From: "Avi Miller" <[email protected]>

>> On 30 Oct 2014, at 6:33 pm, Andrew McGlashan
>> <[email protected]> wrote:
>>
>> Hi Avi,
>>
>> On 30/10/2014 12:33 PM, Avi Miller wrote:
>>> FYI, while it's not the default filesystem, you can do the same on
>>> Oracle Linux 6 and 7 when using btrfs as the root filesystem and
>>> installing yum-plugin-fs-snapshot. btrfs is available in the default
>>> Oracle Linux 7 installer as a filesystem option and if you want to
>>> install OL6 with a btrfs root, use the UEK-based boot ISO and a network
>>> install source.
>>
>> I believe the point was that it was "stable" subject to some serious
>> omissions for things you would like to do .... particularly with
>> "receive" being "totally disallowed" ...
>
> Yeah, not sure why SUSE chose to disallow those features. Most of those
> (with the exception of the truly in-development stuff like RAID5/6) are
> allowed and supported on Oracle Linux.
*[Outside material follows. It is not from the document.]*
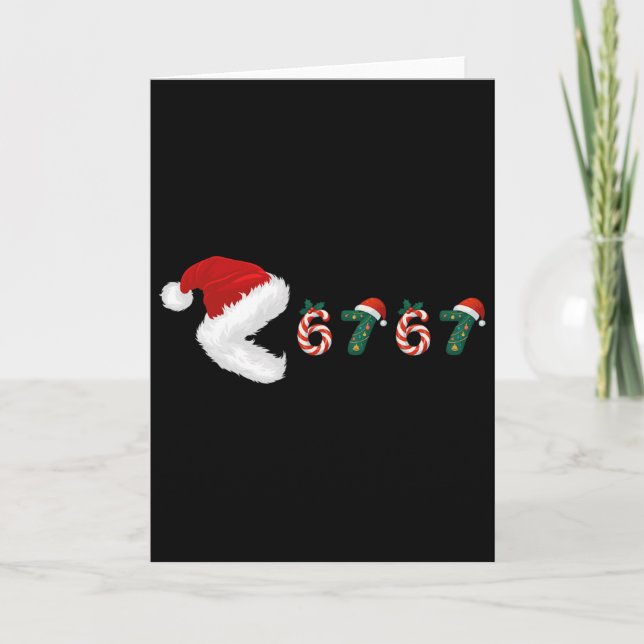 Tarjeta Feliz Navidad Pijamas Comiendo 67 Meme Seis Siete  (Anverso)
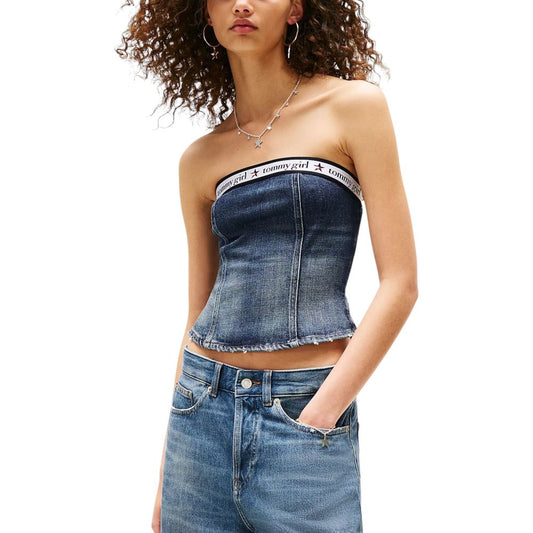Tommy Hilfiger Jeans Blue Recycled Cotton Top Shirt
We believe btrfs to be stable even
> with those features active.

The article also mentions some speed issues especially in relation to
databases.

I would be interested to know what Oracle says to databases on ZFS on
Solaris - and Btrfs on Linux systems (the later not supported by Oracle
yet, I believe, the first I am not sure about)

I am using ZFS, and compare Btrfs to it (e.g. to use similar technologies
on Linux machines). At the moment I stick with FreeBSD where I can (and
can choose) because overall it makes some work easier for me while doing
the same job in many cases.

BTW: Oracle VM (A Xen based virtualization host) surprised me recently.

The standard installation configured plain ext(ext3, I think but not sure)
filesystems on a standalone server and later warned me about using it as
the storage space for the VM disks (unfortunately I forgot exactly what it
was, it was about "missing features" on it - and it was not the obvious
about local storage which is not shared).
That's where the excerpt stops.